- Problem -
Once you find the line containing "بالفيديو: الأمطار تغرق", set down exactly that line and every one after it through the end of the listing below, with both ends included and any pictures omitted.

- Dataset section -

┌──

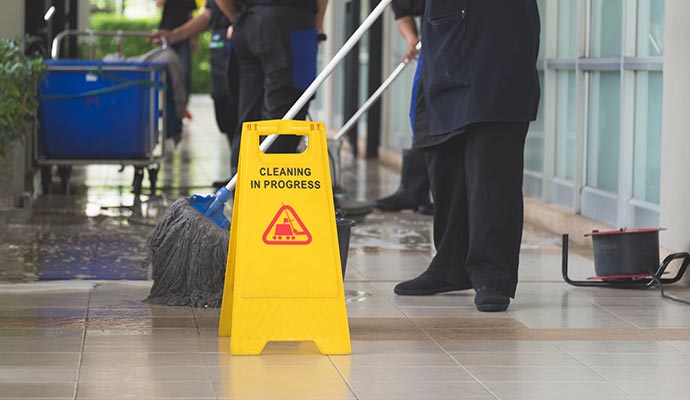 Floor cleaning service for commercial building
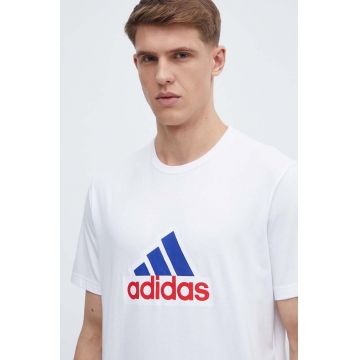 adidas tricou din bumbac barbati, culoarea alb, cu imprimeu, IS3234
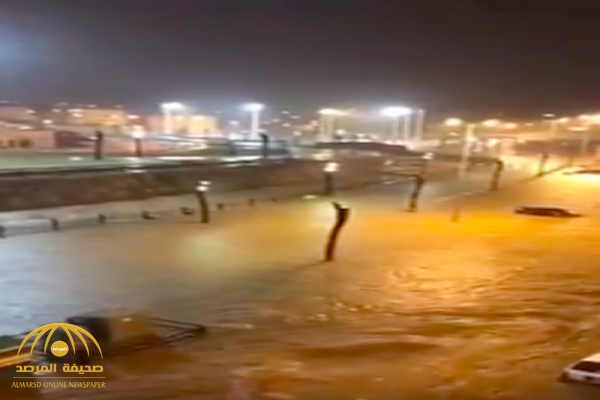 بالفيديو: الأمطار تغرق شوارع أبها .. والدفاع المدني يطلق صافرة الانذار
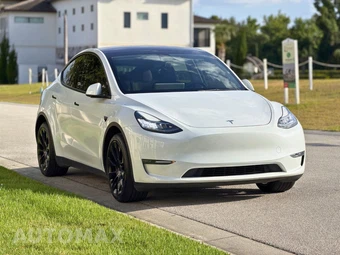 2023 Tesla Model Y Long Range - miniatura 2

└──

- Finished task -
 بالفيديو: الأمطار تغرق شوارع أبها .. والدفاع المدني يطلق صافرة الانذار
 2023 Tesla Model Y Long Range - miniatura 2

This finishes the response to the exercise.